Transportation options may be opening up for UB students since ride-hailing services are expected in upstate New York as soon as this summer, according to The Buffalo News. The announcement comes after a long-fought battle in Albany between ridesharing proponents like Governor Andrew Cuomo and the services’ opponents, such as Senate Democrats and local transportation services.

In the past, many UB students have found transportation options lacking, saying taxis are expensive and not always reliable. The last train leaves downtown Buffalo around midnight on the weekends.

John Chorwat, a senior electrical engineering major, has had many bad experiences with cabs downtown and is excited to use Uber in the future.

“It costs so much to get from North [Campus] to downtown, like $50 or something ridiculous,” Chorwat said. “We've been thrown out of cabs before for being rowdy and a lot of [cab-drivers] are just rude in general.”

The battle in Albany looked to expand ride-hailing services beyond New York City, where they have been legal for years. New York will join 38 other states to fully legalize ride-hailing.
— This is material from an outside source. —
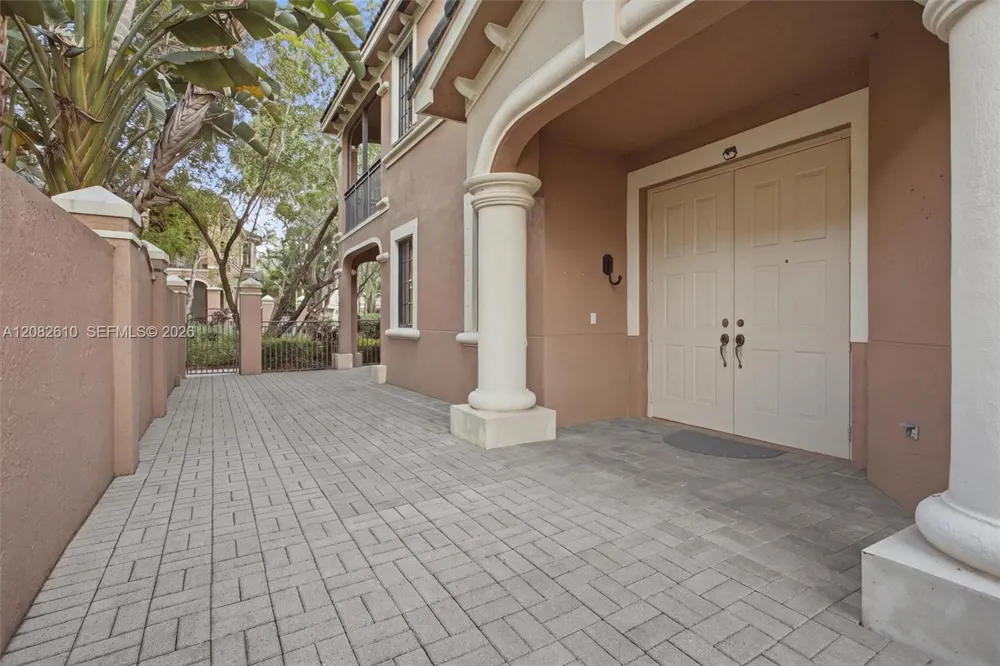 2890 Kinsington Cir #22-1 Weston, FL 33332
Buffalo is currently the largest city in the country without ride-hailing services.

Uber and Lyft are the leading ride-hailing services. They work to locate the closest driver to the rider’s location and give customers affordable and fast transportation.

UberX, the least expensive of Uber’s services, currently charges $1.75 per mile in New York City, putting a ride from North Campus to Canalside at about $27. The same trip through Liberty Cab, a local taxi company, costs $55.

International and out-of-state students need transportation to the airport and a cab can cost $26 with either Buffalo Transportation service or Liberty Cab. By comparison, this trip with UberX would cost $16.

Chorwat has used Uber in Manhattan and is eager to see them make their way through Western NY. He enjoys Uber because their vehicles are “actually nice and clean.”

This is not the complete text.